They were reliving the 1929 massacre in Hebron that began at Yeshivat Hebron. They were reenacting the massacre of other Jewish students in another religious school. The location and the act chosen for this terrorist deed were a direct outgrowth of Arab/Jewish interaction and history – a history of Arabs massacring Jews. They were reconnecting the present with their past.

It was a hot Friday night in August. The students were gathered together in their yeshiva in the city of Hebron. The Sabbath had already been ushered in when the massacre began. The calls for reinforcements from the one British policeman in the area went unheeded for five hours, until it was too late. When it ended, three days later, 67 Jews were dead – butchered with axes and knives and swords. Those students still alive were evacuated by the British to Jerusalem.

That 1929 massacre became the paradigm in the Arab world for removing Jews. Massacre them. Massacre them especially while they are at study in their religious schools. Massacre them today and it will lead to the Jewish evacuation of Jerusalem just as it led to the Jewish evacuation of Hebron in 1929.

In the morning, after a night of murdering Jews, Arab leaders came to the home of a man whom they respected, a well-liked teacher at the yeshiva. They had a proposal to place before Rabbi Jacob Slonim. If the rabbi were to hand over all the Ashkenazi students (those from European backgrounds), they would end the massacre and spare the lives of the Sephardi students (those from Arab lands). Rabbi Slonim declined the offer. He was killed on the spot. The massacre continued.

Tensions between Arabs and Jews, particularly in Jerusalem around the area of the Western Wall, were high in the days leading up to the Hebron Massacre. In sermons delivered in area mosques and propaganda spread in Arabic newspapers, stories were told of Jews killing Arabs and taking advantage of Muslim holy sites.

These messages fed already widespread conspiracy theories that the Jews were engaged in “wholesale murder of the Arabs.” So the Arabs of Hebron took matters into their own hands, murdering the Jews of Hebron and forcing the survivors out of their city. Reenactments of the Hebron massacre have been carried out several times over the years, but never so successfully as this last attack at Mercaz HaRav.
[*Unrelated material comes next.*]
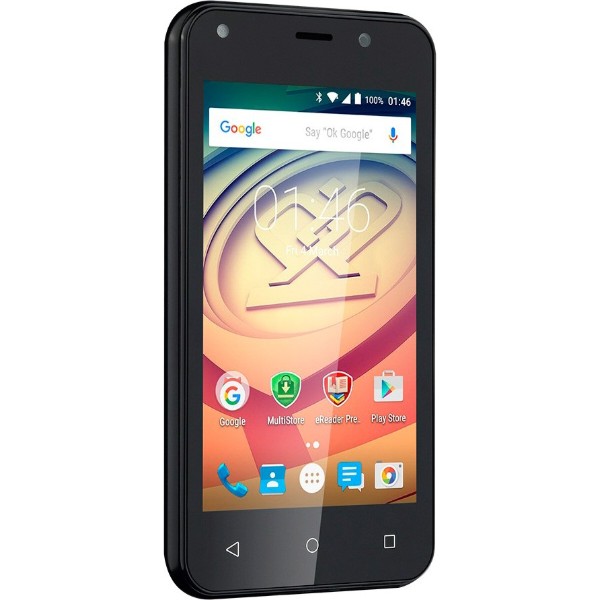 Фото - Смартфон Prestigio Wize L3 DS Black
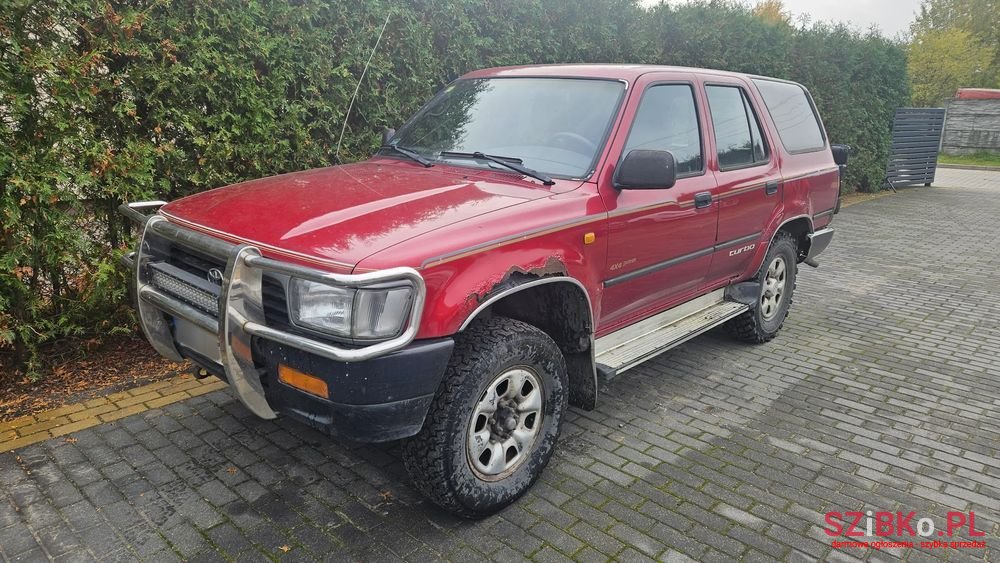 1993' Toyota 4Runner photo #1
Arab leaders around the world are still stoking the flames of conspiracy in order to motivate their murderers to act. That is one of the reasons one hears from them, with regular frequency, of the Holocaust Israel is allegedly perpetrating against the Palestinians.

There is no Holocaust being perpetrated by Israelis or by Jews anywhere in the world upon Arabs, and there are no Jewish land grabbers. If anything, the opposite is true. Jews are ceding land and Israel is pursuing peace. But that message will not motivate.

Hatred and fear breed evil. Untruths motivate massacres. History and conspiracy theories merge.